In 1840 more than 500 chiefs signed the Treaty of Waitangi, New Zealand’s founding document. Ngā Tohu, when complete, will contain a biographical sketch of each signatory.


Signature Sheet Signed as Probable name Tribe Hapū Signing Occasion
16 Sheet 9 — The East Coast Sheet Tutapaturangi Tūtapatūrangi / Tu-te-pakihi-rangi Ngāti Kahungunu Te Aitanga-ā-whare Tūranga, 5-12 May 1840

Tūtapatūrangi, or Tu-te-pakihi-rangi, signed the East Coast sheet of the Treaty of Waitangi between 5 and 12 May 1840 at Tūranga (now Gisborne). He was from the Te Aitanga-ā-whare hapū (subtribe) of Ngāti Kahungunu.

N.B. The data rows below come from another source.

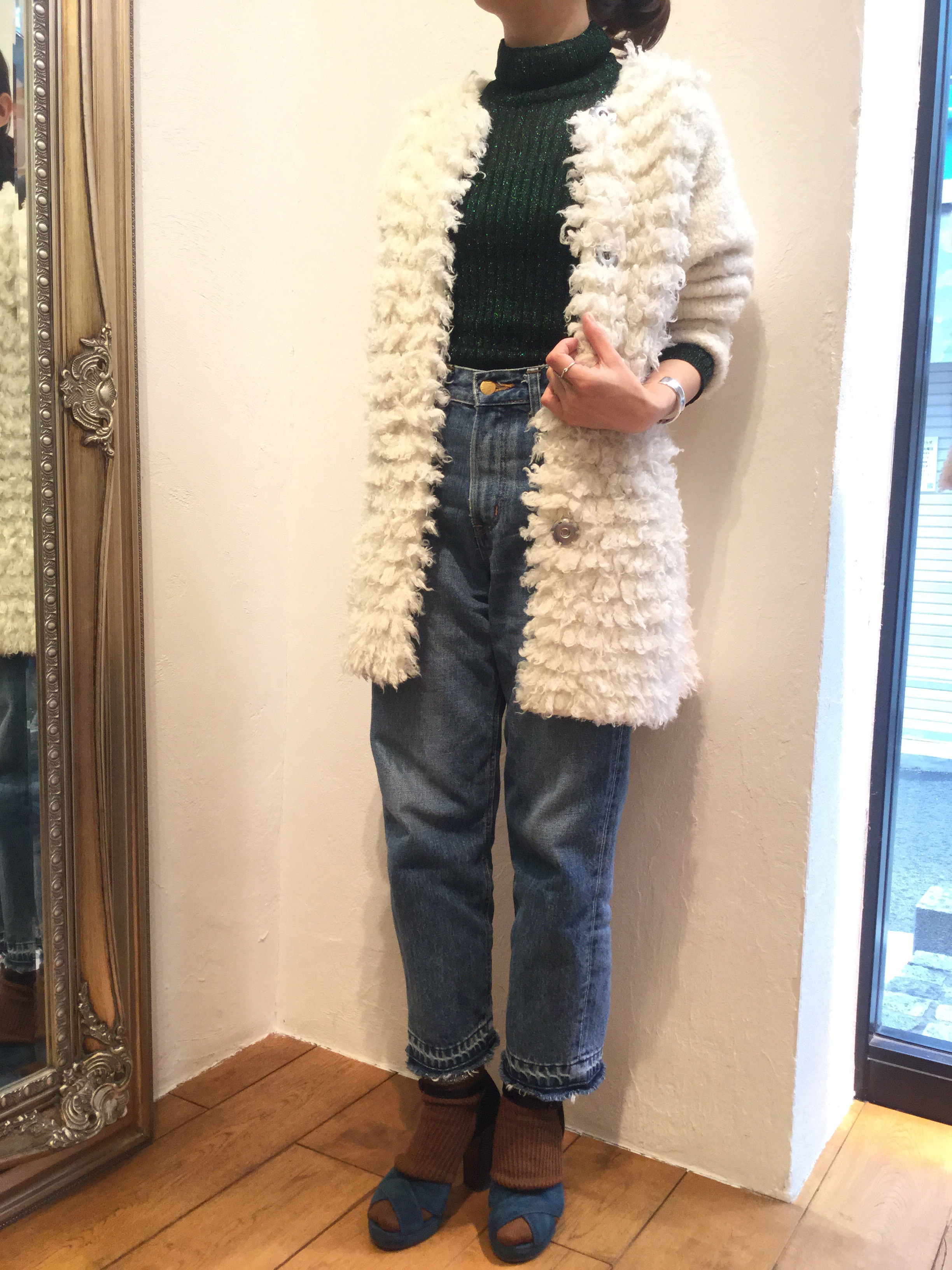http://mt.anglobalshop.com/blog/images/9d4459dac1b4818f2e349d7c779be63b650158c7.jpg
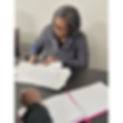 Notary Signing_edited.jpg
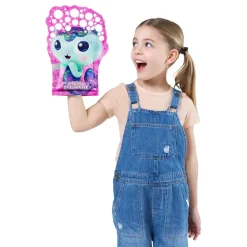 Bunch O Bubbles Gabbys Dukkehus Glove A Bubbles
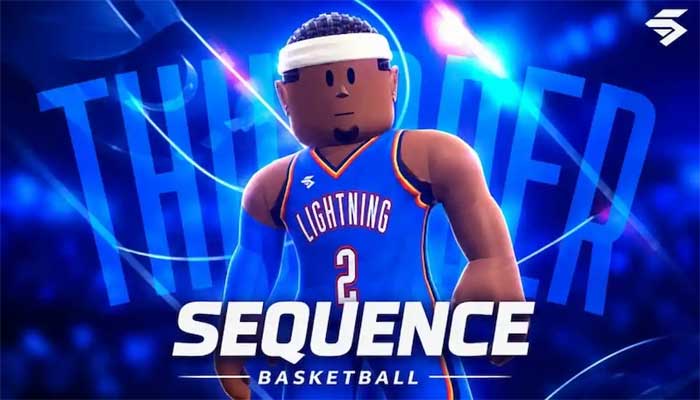 Sequence Basketball codes for October 2026 to accelerate your progress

He attended William Williams’ mission station in Tūranga, leaving in 1841 for some time dbecause of the number of deaths that were occurring there.

Pita Tūtapatūrangi attended the Kohimarama conference in 1860 and spoke in support of making peace between the government and Wiremu Kīngi.

Tu-te-pakihi-rangi may be an alternative name for the same man. He was recorded as a rangatira (chief) of Ngāti Kahungunu. His wife was Hinemauruuru. In 1829 he was one of the leaders of the Ngāti Kahungunu taua (war party) to Wharepapa, the home of Ngāti Tama. While Tu-te-pakihi-rangi travelled by sea, a separate group went inland to surprise their enemy. When this gave itself away by dislodging rocks, the party decided to appear peaceful. While Tuhi-mata-renga of Ngāti Tama was preparing a feast for them, they attacked and won a quick victory.

In the early 1830s peace was made between Ngāti Kahungunu and Te Āti Awa in Wellington. At the meeting in Pito-one (Petone), Tu-te-pakihi-rangi spoke about how they would cherish Pākehā, despite the evil brought by their muskets. He could not help but judge them to be an evil people because of these weapons.